Subjective effectiveness of ibogaine treatment for problematic opioid consumption: Short- and long-term outcomes and current psychological functioning
ALAN K. DAVIS, JOSEPH P. BARSUGLIA, MARLEY WINDHAM-HERMAN, MARTA LYNCH and MARTIN POLANCO
Journal of Psychedelic Studies, 2017, 1, (2), pp. 65–73
DOI: 10.1556/2054.01.2017.009
Background and aims : Very few studies have reported the effectiveness of ibogaine as a treatment for chronic opioid use. Therefore, this study evaluated the acute subjective effects of ibogaine, outcomes on problematic opioid consumption, and the long-term associations with psychological functioning.
Methods : Using online data collection, 88 patients who received ibogaine treatment in Mexico between 2012 and 2015 completed our survey.
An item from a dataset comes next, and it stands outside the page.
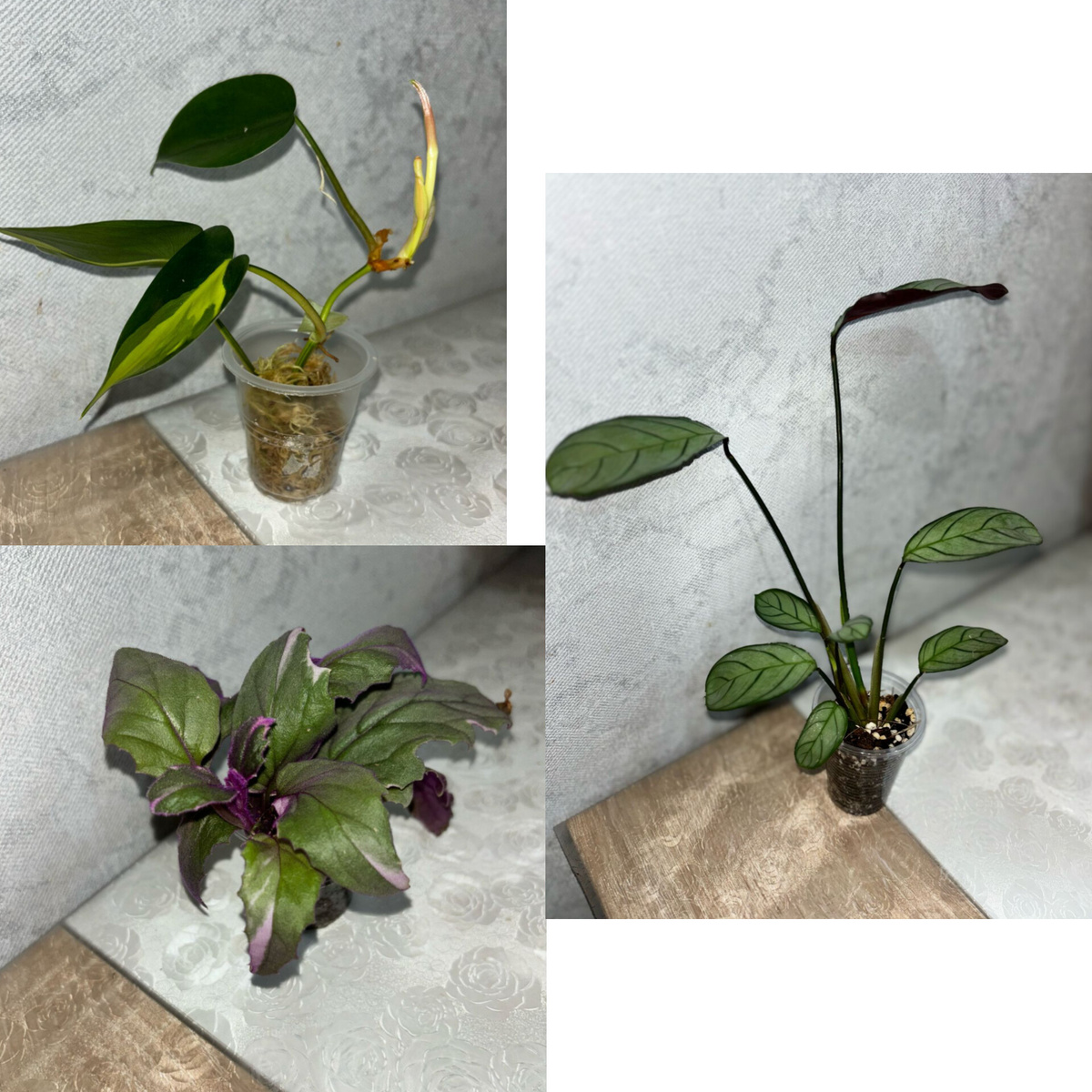 А вот, что купила. Ну просто шик блеск красота)))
Results : Most participants (72%) had used opioids for at least 4 years and 69% reported daily use. Most (80%) indicated that ibogaine eliminated or drastically reduced withdrawal symptoms. Fifty percent reported that ibogaine reduced opioid craving, some (25%) reporting a reduction in craving lasting at least 3 months. Thirty percent of participants reported never using opioids again following ibogaine treatment. And over one half (54%) of these abstainers had been abstinent for at least 1 year, with 31% abstinent for at least 2 years. At the time of survey, 41% of all participants reported sustained abstinence (>6 months). Although 70% of the total sample reported a relapse following treatment, 48% reported decreased use from pretreatment levels and an additional 11% eventually achieved abstinence. Treatment responders had the lowest rates of depressive and anxious symptoms, the highest levels of subjective wellbeing and rated their ibogaine treatment as more spiritually meaningful compared with treatment non-responders.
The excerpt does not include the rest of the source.